Há uma ligação forte do cinema de Margarida Cardoso às memórias coloniais portuguesas e, especificamente, com a história e o território moçambicanos.
Várias foram já as incursões da realizadora por esse domínio temático, quer no seu trabalho documental quer nos seus filmes de ficção, nomeadamente no mais célebre e mais conseguido, A Costa dos Murmúrios, de 2004, a partir do romance de Lídia Jorge. Yvone Kane, que é a sua primeira longa-metragem em praticamente dez anos, reata a relação – embora sem que o país seja nomeado, é Moçambique – num filme que não deixa de se ver com uma espécie de reflexo descarnado de A Costa dos Murmúrios (tal como este, protagonizado por Beatriz Batarda), como se, entre outras coisas, lhe removesse o élan romanesco para ficar com um movimento mais contemplativo e introspectivo, e partir ao encontro dos seus fantasmas.

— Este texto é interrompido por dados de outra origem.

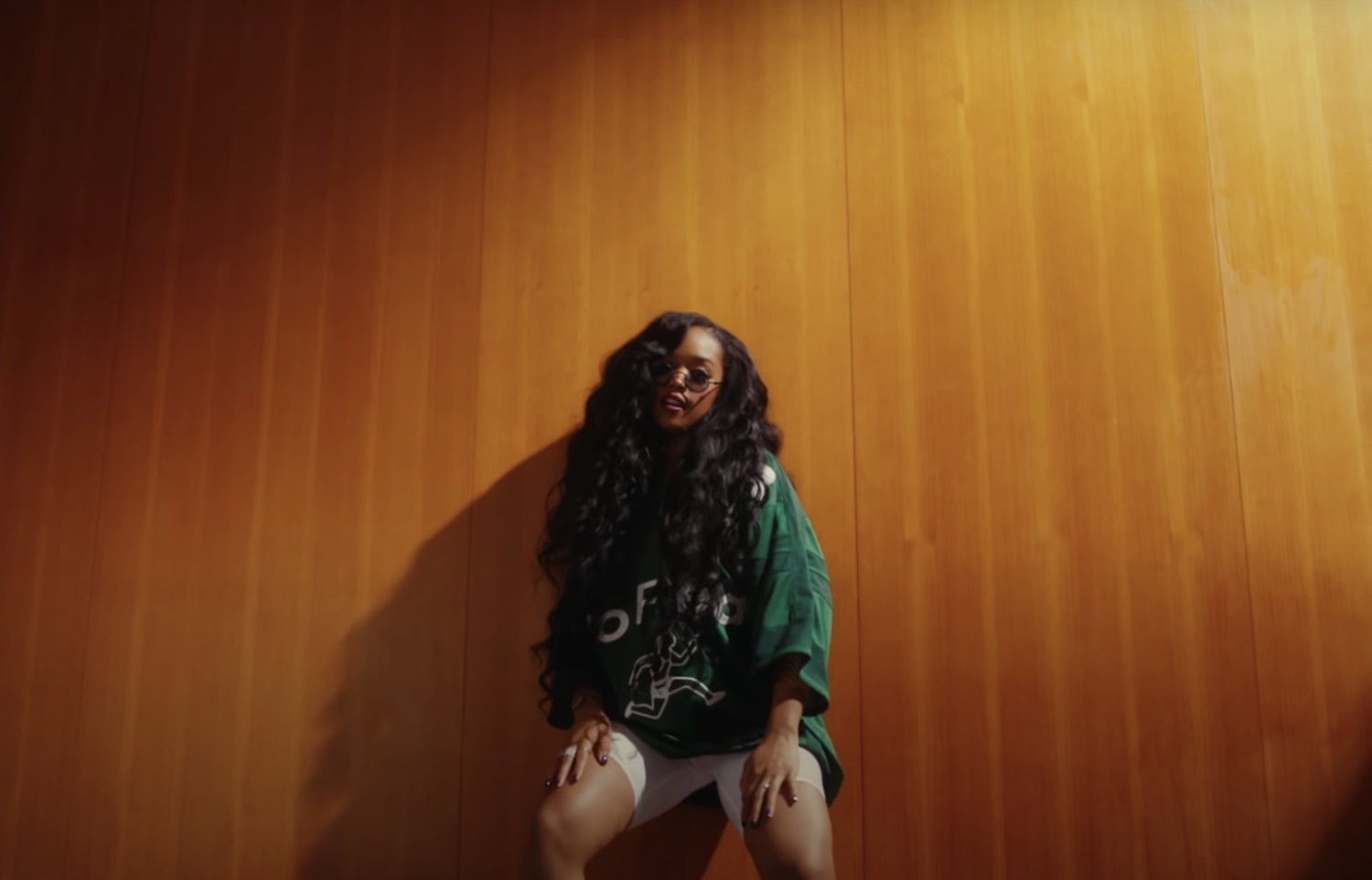 H e r come through video youtube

Não se trata de reconstituição de época – o tempo é contemporâneo – mas, a partir da “protagonista ausente” que dá título ao filme (uma ex-revolucionária de destino incerto no período após a independência) ir reconstituindo, ao ritmo e aos modos de um filme-inquérito, o trajecto de um país africano de expressão ao longo dos quarenta anos que passaram desde a guerra e a descolonização.

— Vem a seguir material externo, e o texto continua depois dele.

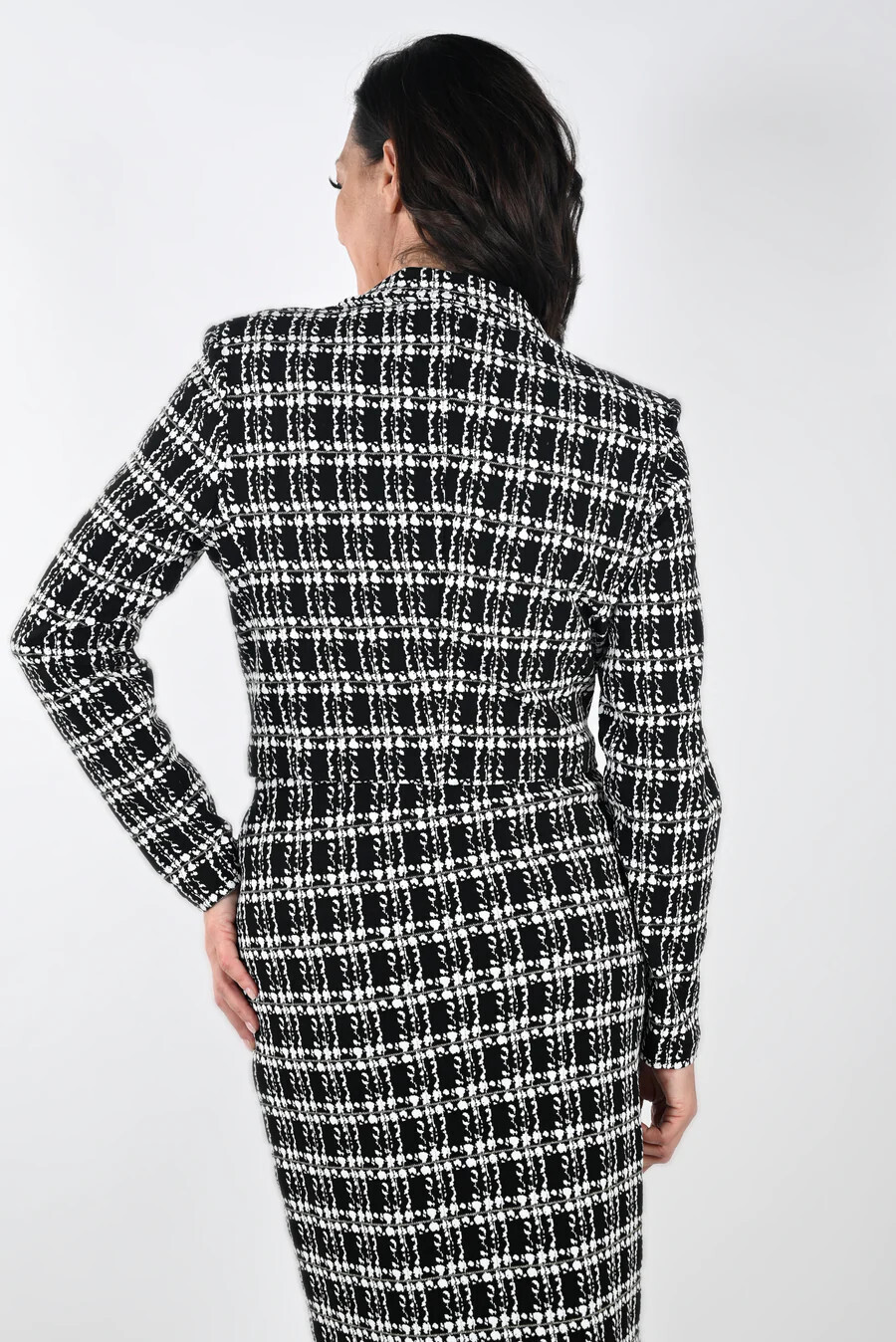 Frank Lyman 233309 Women's Long Sleeve Textured Metallic Knit Blazer – Black- White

Este é o fundo, o âmago do filme, dado por sinais, histórias pessoais relatadas pelas personagens que a protagonista encontra, episódios que saltam do limbo das memórias. No primeiro plano acaba por estar aquilo que corre menos bem – uma linha ficcional centrada na relação entre as personagens de Beatriz Batarda (uma jornalista portuguesa que volta a África espicaçada por uma dica sobre a tal Yvone Kane) e da sua mãe (a actriz brasileira Irene Ravache), que não voltou para Portugal e ficou em África depois do tempo colonial. Corre menos bem, dissemos, porque é relativamente desproporcionada a importância
dramatúrgica que lhe é conferida, bastante além do mero pretexto, do mero fil rouge, e a intensidade dela resultante. Falha aí alguma coisa, porque a generalidade das cenas com as duas redunda mais em tempos mortos, “intervalos”, do em algo de mais significativa. Isso aparece, sim, quando o filme olha em redor, e quando lança a sua protagonista na paisagem – os momentos mais fortes de Yvone Kane não dispensam essa componente “documental” integrada na ficção, e no limite vivem deles, na expressão concreta das ruínas de um modo de vida colonial (por aqui, sobretudo, passa a ideia de uma relação deliberada com A Costa dos Murmúrios), na sugestão do “feitiço” da natureza africana, na sinalização de todas as contradições que marcam hoje a vida e estruturas sociais dos países nascidos das ex-colónias portuguesas em África. É quando investe nesse poder de síntese evocativo, mais eloquente do que as palavras, os diálogos ou a intriga, que Yvone Kane melhor se consegue.